Don’t worry citizen! Police officers with the Fort Bend Independent School District in Houston, Texas are on the beat making sure pesky eighth graders aren’t passing off counterfeit $2 bills in lunchrooms in exchange for chicken nuggets.
Thirteen-year-old Danesiah Neal was hoping to score said nuggets at Christa McAuliffe Middle School after her grandmother had given her a $2 bill form 1953 that school officials deemed a “fake.”
“I went to the lunch line and they said my $2 bill was fake,” Neal said. “They gave it to the police. Then they sent me to the police office. A police officer said I could be in big trouble.”
The crime of forgery is a third-degree felony in Texas that carries a sentence of up to 10 years in prison.
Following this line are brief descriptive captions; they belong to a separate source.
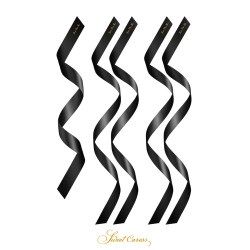 5 liens satin noir Sweet Caress, bandeau yeux 1,2 m et attache poignets et chevilles
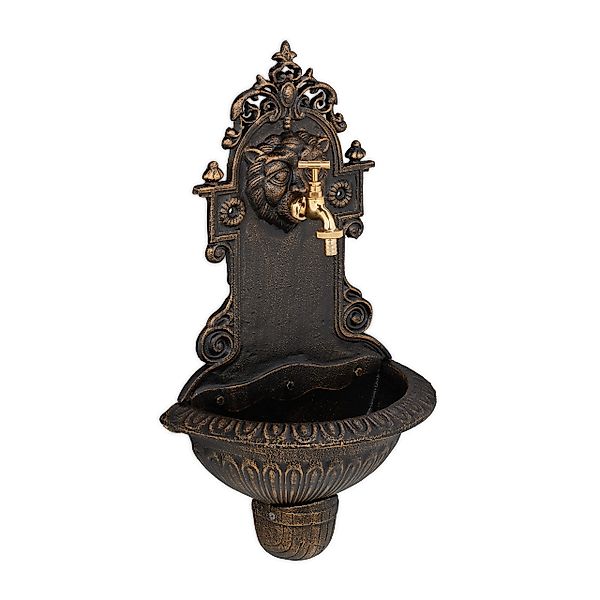 relaxdays Gartenbrunnen Wandbrunnen mit Wasserspeier, Wasserbecken günstig online kaufen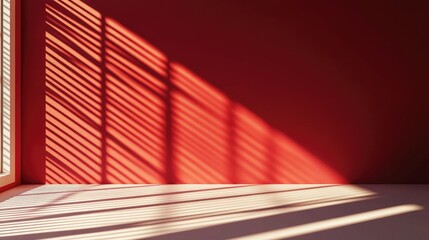 Canvas Print - Minimalist backdrop for product showcase featuring a blank area with window blind shadows against a red wall Design template with a front diagonal perspective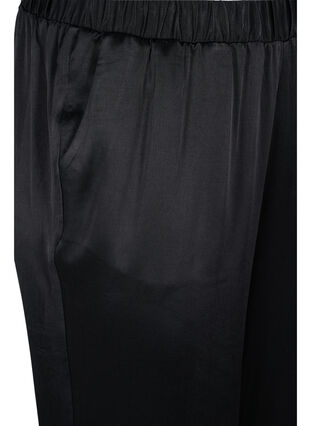 Väljät housut taskuilla ja joustoreunuksella, Black, Packshot image number 2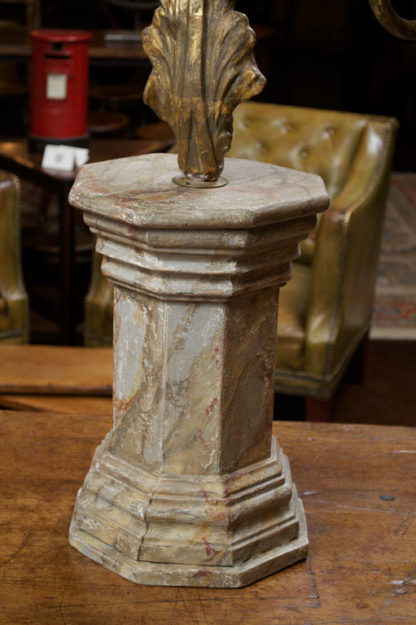 Carved Giltwood Candelabra on Later Faux Marble Base. French circa 1800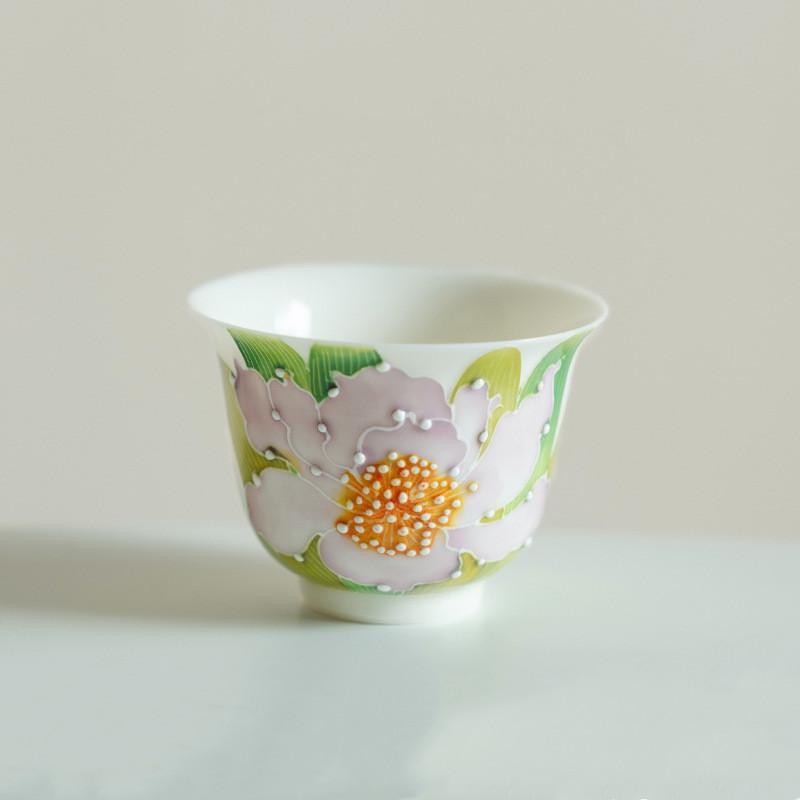 

1 Pc Chinese Tradition Ceramic Tea Cup Handmade Flower Pattern Teacup Household Porcelain Tea Bowl Personal Master Cup Tea Set 5.6x4.3cm 40ml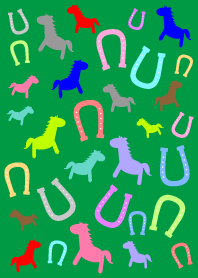 ウマと馬蹄のカラフル着せかえ　緑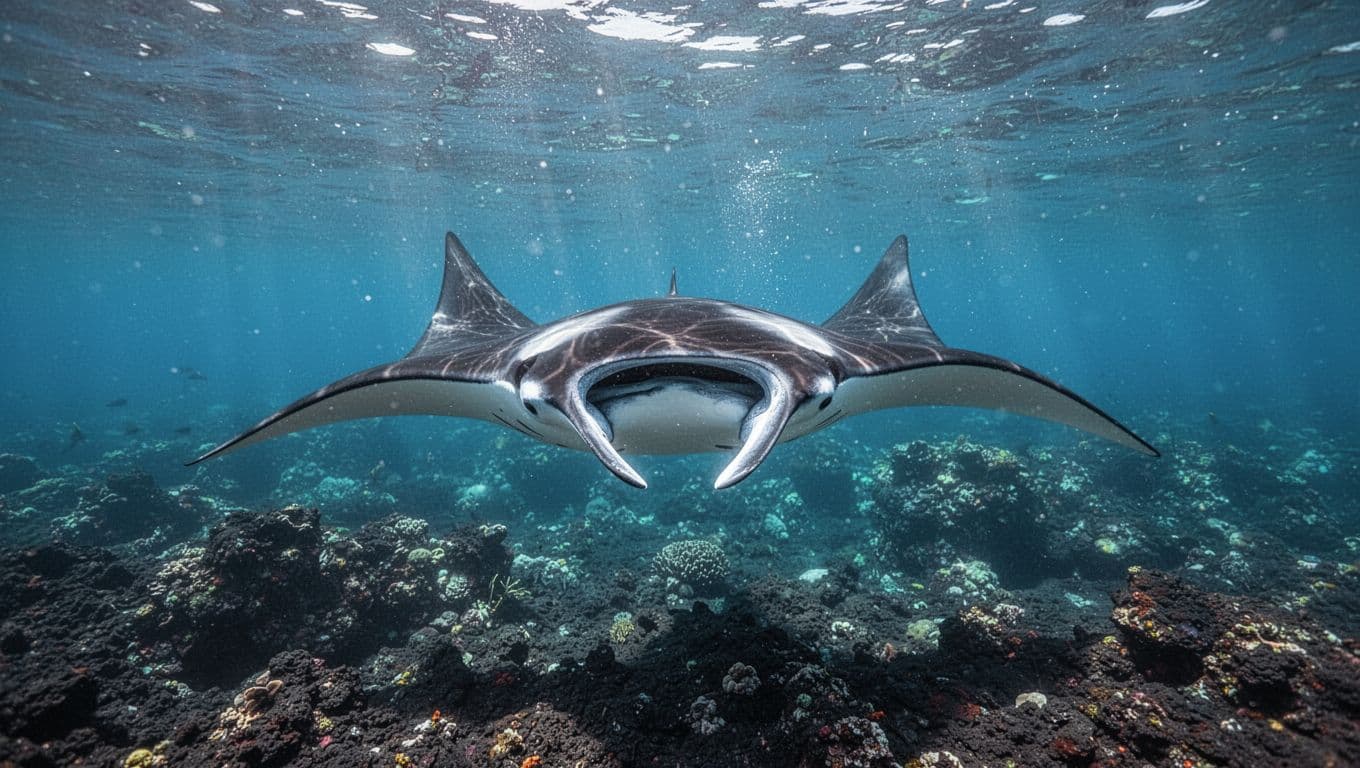 A manta ray glides above a volcanic reef in clear blue Hawaiian water.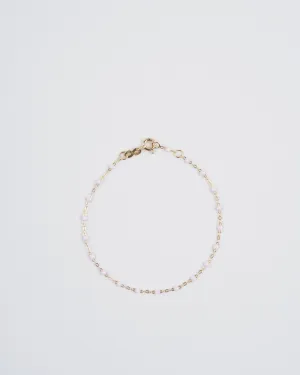 baby pink bead bracelet - yellow gold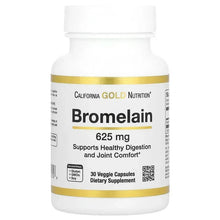 Bromelain 625 mg supplement bottle with California Gold Nutrition label and gold band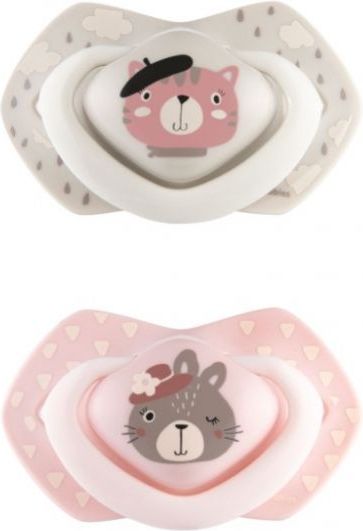 Canpol Babies 2 ks symetrických silikonových dudlíků, 0-6m, Bonjour Paris, růžová/šedá - obrázek 1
According to police reports, eight other such investigations in the school district have been launched against students since 2013, and dozens more have occurred in neighboring districts.
Local prosecutors say that most of the kids would only be given probation in light of a conviction, but a felony arrest record may still follow them around for the rest of their lives as the expunging of juvenile records isn’t always a guarantee.
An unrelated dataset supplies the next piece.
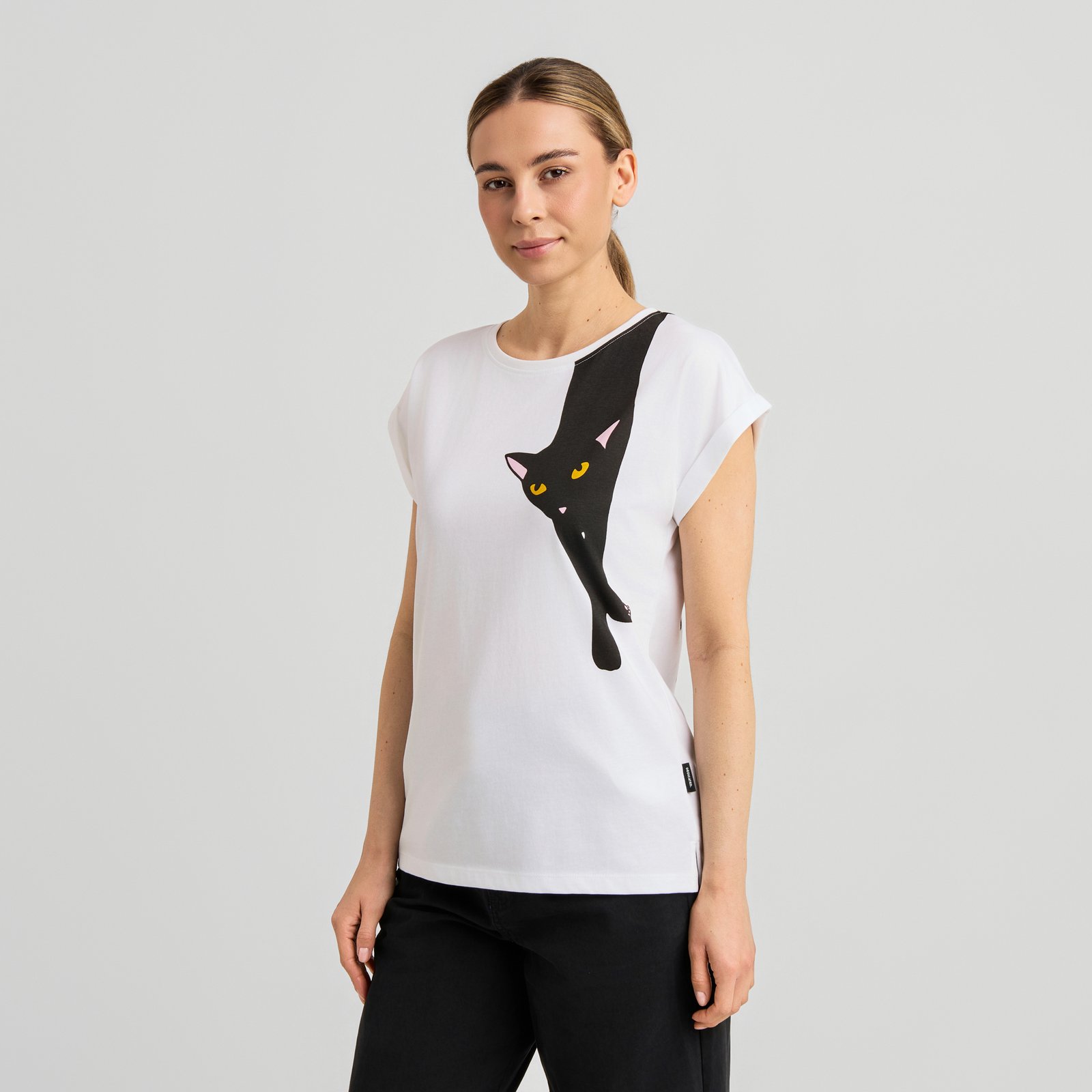 T-shirt Visby Long Cat White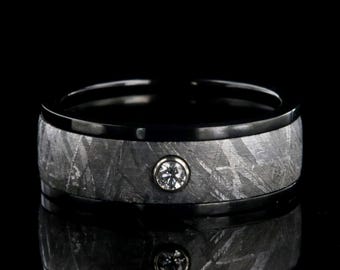 Gibeon Meteorite Men’s Wedding Band with 3mm Diamond - Comfort Fit Meteorite Ring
Because the bill was so old in Neal’s case, the school’s counterfeit pen wouldn’t work on it so Fort Bend ISD police launched a Dragnet-style investigation that tracked it from Neal’s grandmother back to a convenience store and then to a bank.
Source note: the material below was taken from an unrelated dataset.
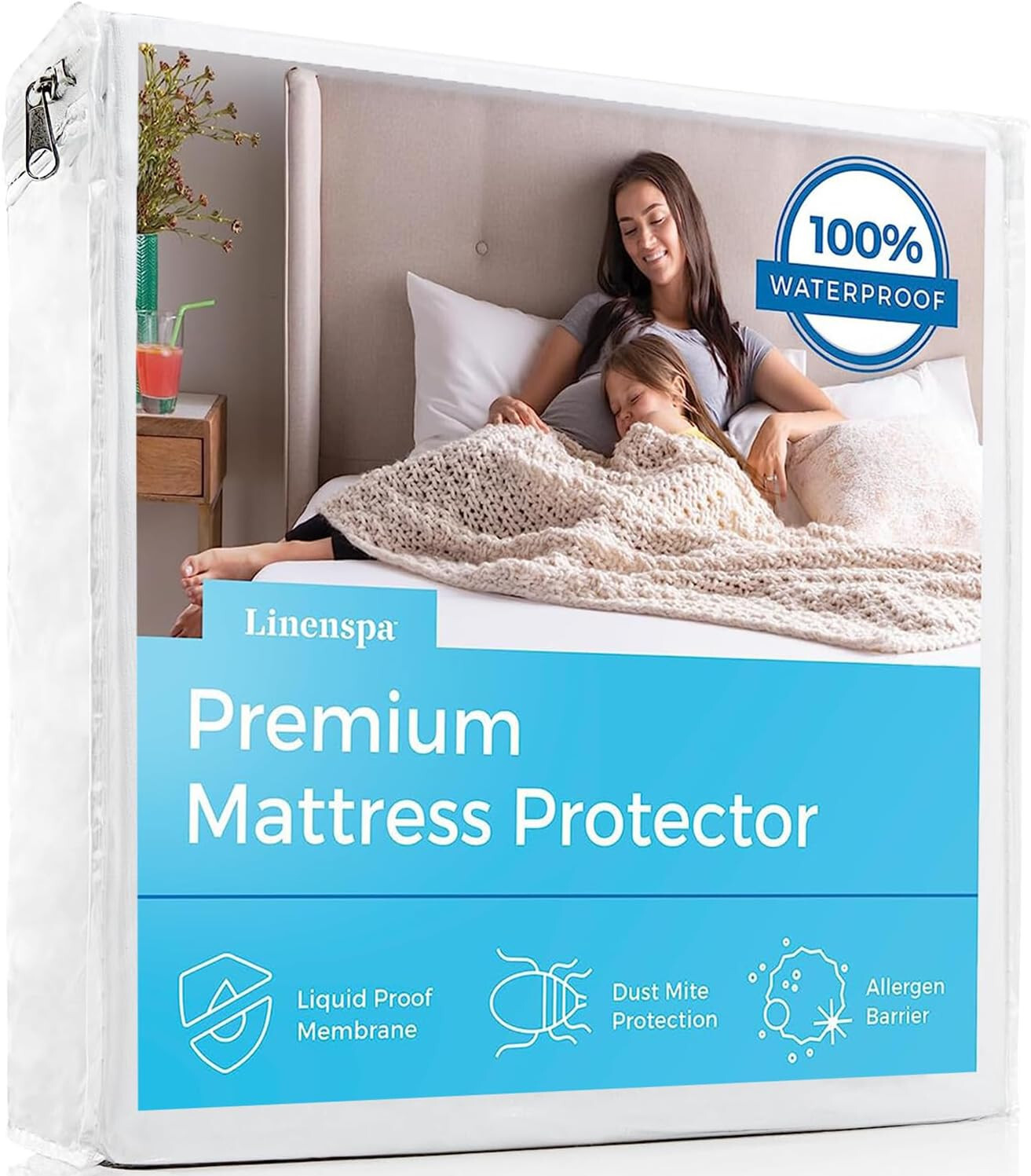 Mattress Protector, Waterproof Smooth Top Premium Twin Mattress Protector-image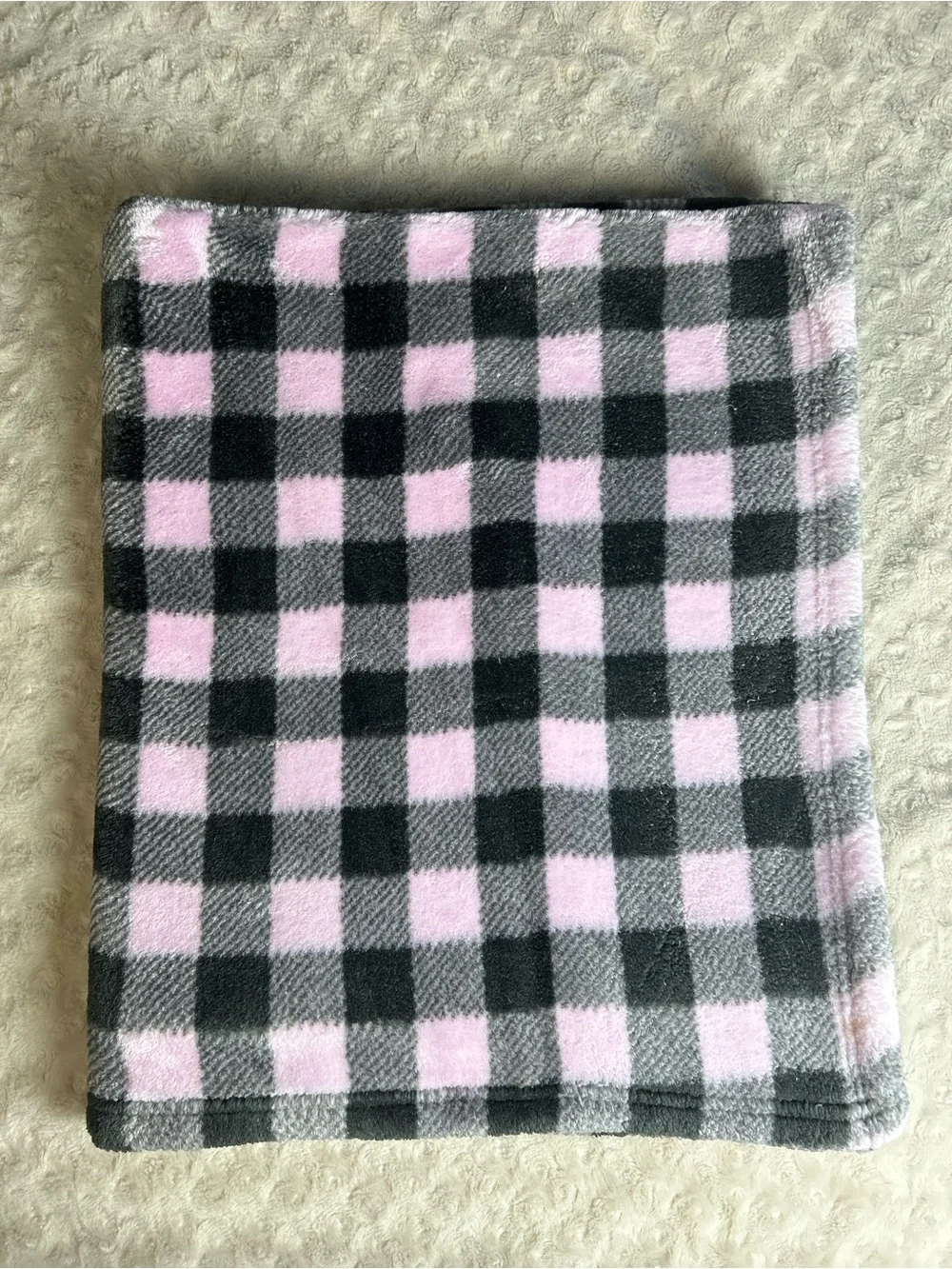 HB Hudson Baby Pink Black Gray Buffalo Plaid Blanket Soft Plush Lovey Thick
“She’s never in trouble, so I was nervous going in there,” Neal’s grandmother, Sharon Joseph said. “[Officials asked] ‘Did you give Danesiah a $2 bill for lunch?’ [and then] told me it was fake.”
The bill wasn’t fake however, and no charges were filed against the teen, but Joseph maintains that terrifying students with felony charges over something so minute is not the way that such situations should be handled.
Joseph said the bill was returned to her and that she and her granddaughter didn’t even receive an apology from police or school administrators despite Neal being forced to miss lunch that day because her money was taken.
“It was very outrageous for them to do it,” she said. “There was no need for police involvement. They’re charging kids like they’re adults now.”
Other cases in the area have resulted in students being handcuffed and arrested. That was what happened to a 13-year-old seventh grader at Cy-Fair Independent School District’s Cook Middle School, who is currently awaiting trail on felony forgery charges over a $10 bill that did turn out to be fake.
Attorneys for that student say the teen has been requisitioned to alternative school and faces two to 10 years in prison for a bill that looked and felt real. Additionally, it is said that the student qualified for free lunch at the school and that parents even offered to compensate administrators to no avail.
“He comes to school the next day and he gets arrested and charged with a third-degree felony,” the teen’s attorney, Mani Nezami said. “He’s in seventh grade. He doesn’t handle money that much. They put him in handcuffs. They put him in a police car, the whole bit. He could face years in jail or prison.”